Pictures must not appear in the copy. Reproduce exactly, and only, the lines from the one with "Ronaldo tỏa sáng, giúp" through the end of the data below.

+++++

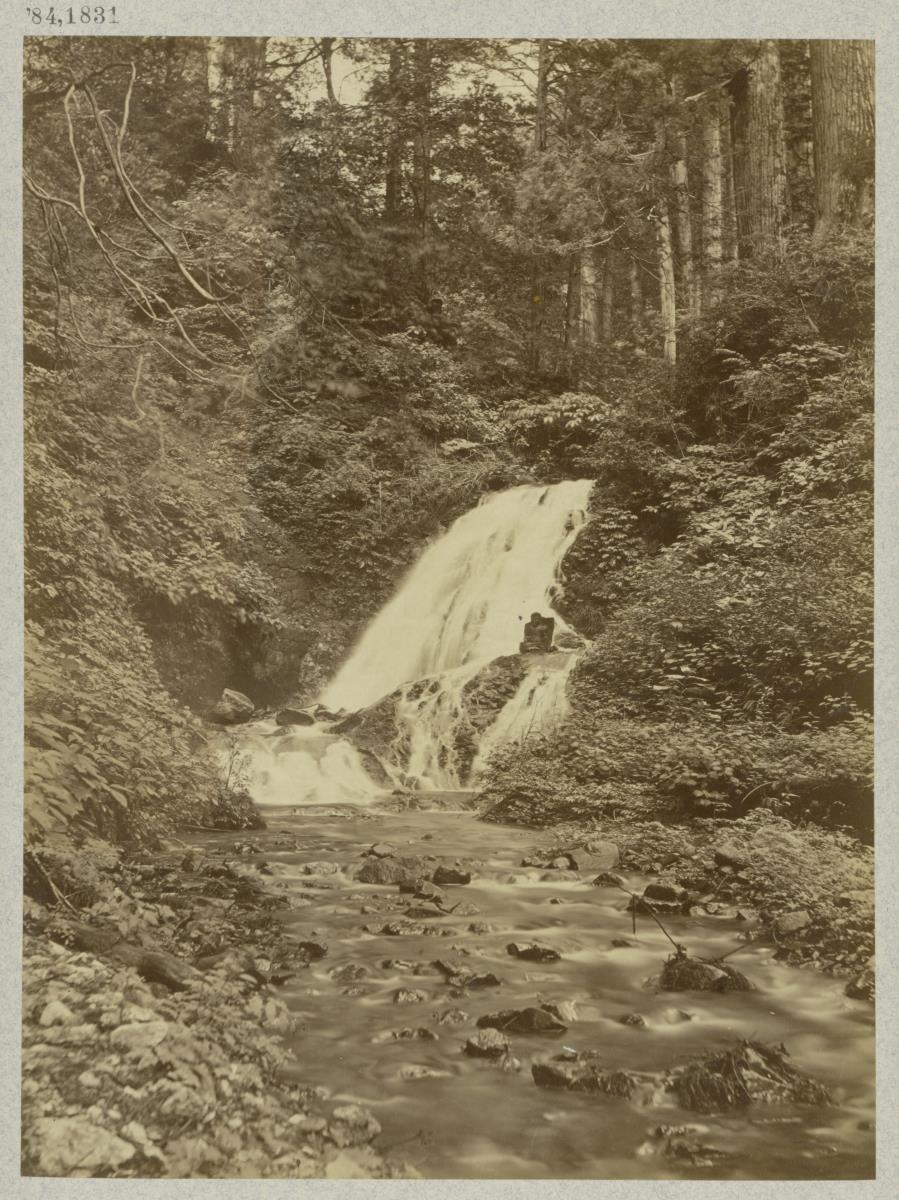 Nikkō, Kirifuri Wasserfall?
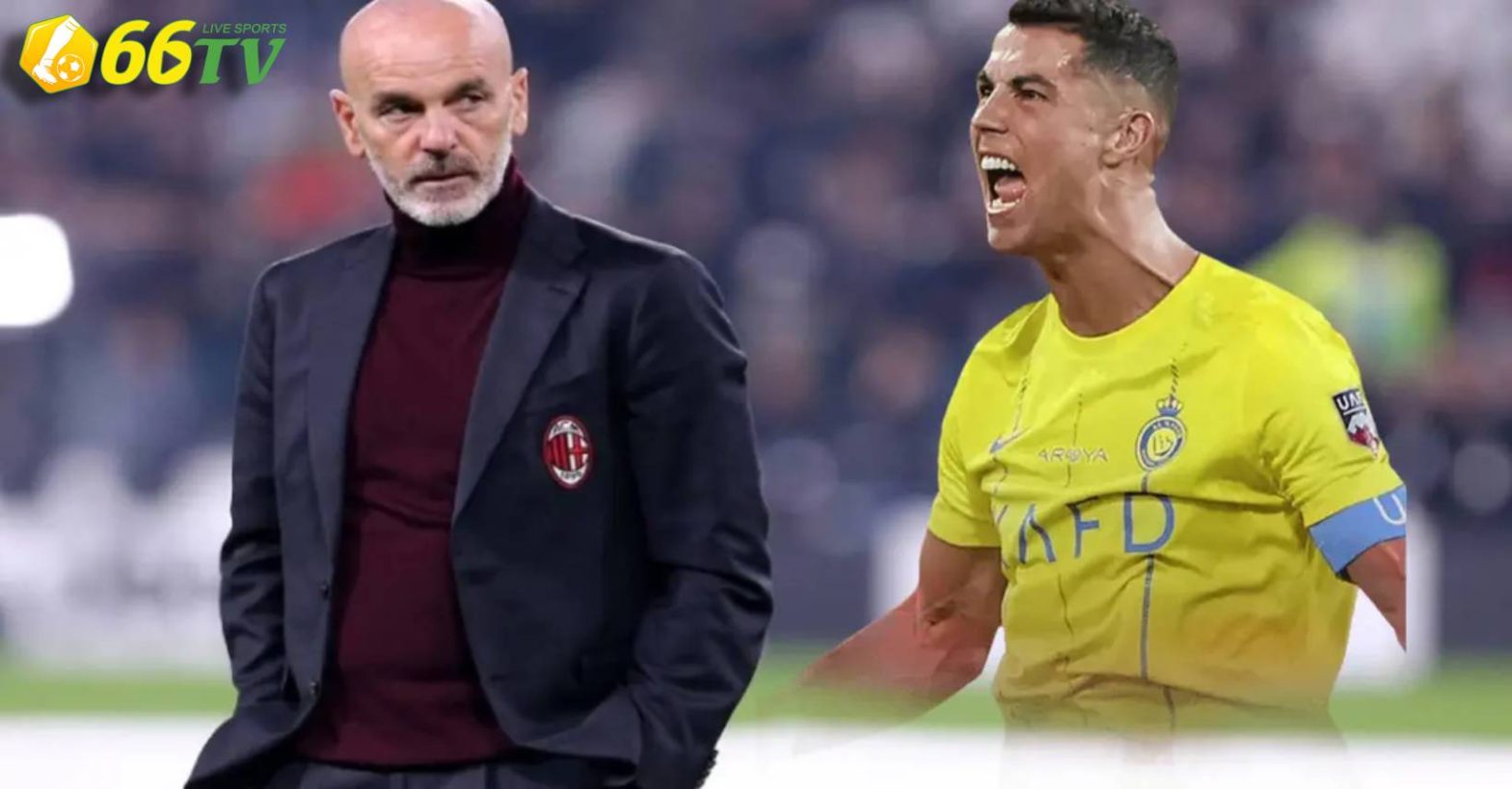 Ronaldo tỏa sáng, giúp HLV Pioli có chiến thắng đầu tay tại Al Nassr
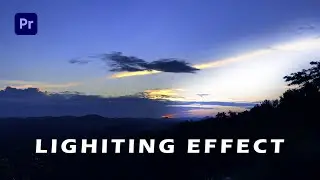 Lightning Effect in Adobe Premiere Pro (Tutorial)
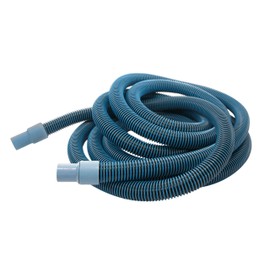Aqua Select Premium Kink-Free Swimming Pool Vacuum Hoses with 1.25-Inch Swivel Cuff | 24 ft Length | Hose Helper Included | Perfect for Above Ground and Inground Pools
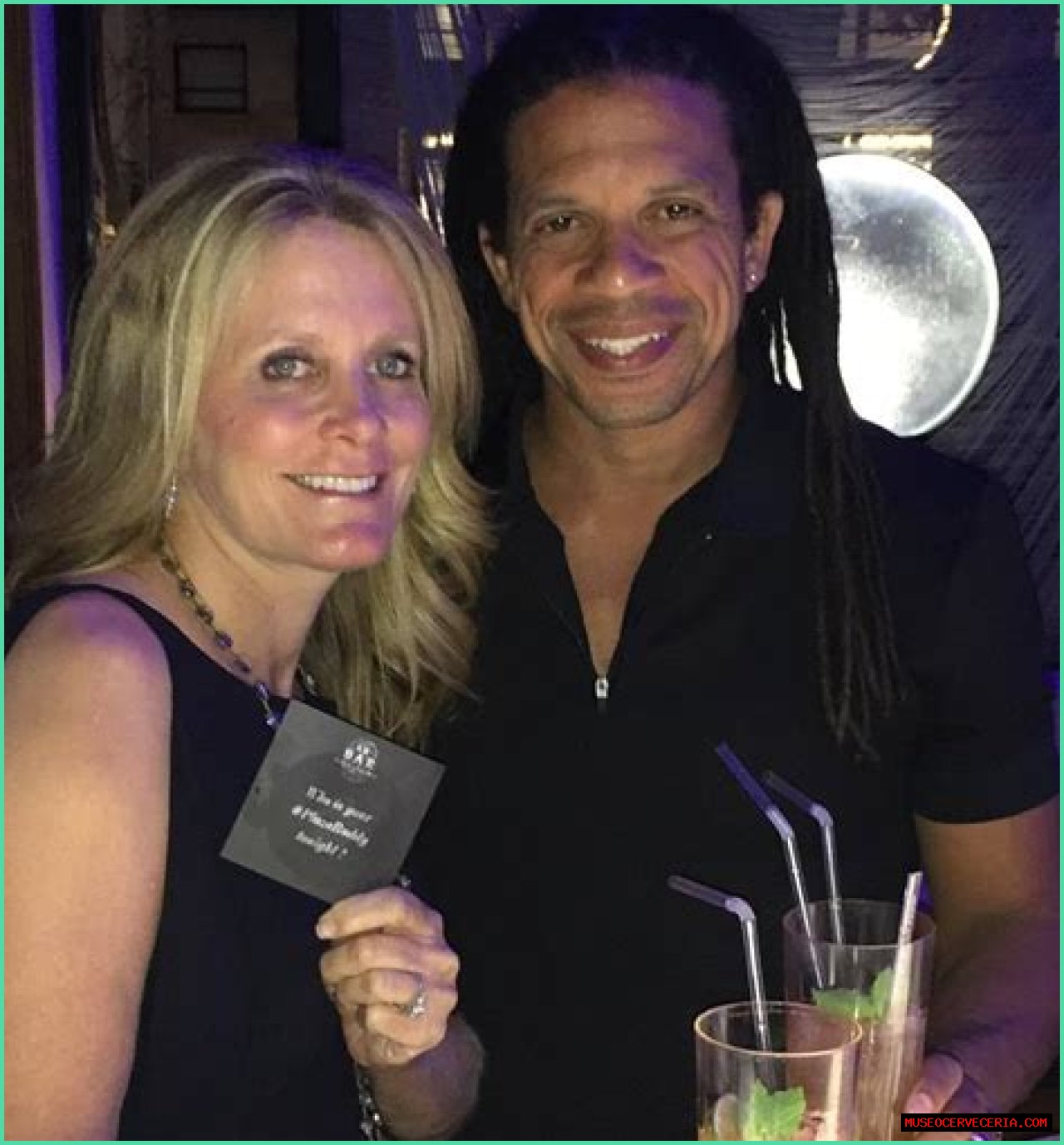 Who is Charles from TMZ married to?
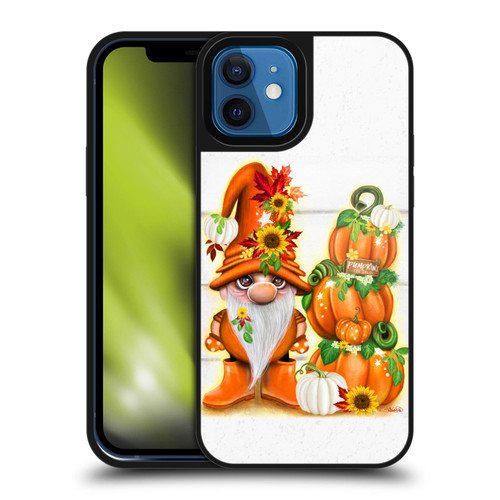 Sheena Pike Holiday Pumpkins For Sale Orange Gnome Gel Armour Case For Apple iPhone 12 / iPhone 12 Pro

+++++

## TASK ANSWER:
 Ronaldo tỏa sáng, giúp HLV Pioli có chiến thắng đầu tay tại Al Nassr
 Lightning Effect in Adobe Premiere Pro (Tutorial)
Aqua Select Premium Kink-Free Swimming Pool Vacuum Hoses with 1.25-Inch Swivel Cuff | 24 ft Length | Hose Helper Included | Perfect for Above Ground and Inground Pools
 Who is Charles from TMZ married to?
 Sheena Pike Holiday Pumpkins For Sale Orange Gnome Gel Armour Case For Apple iPhone 12 / iPhone 12 Pro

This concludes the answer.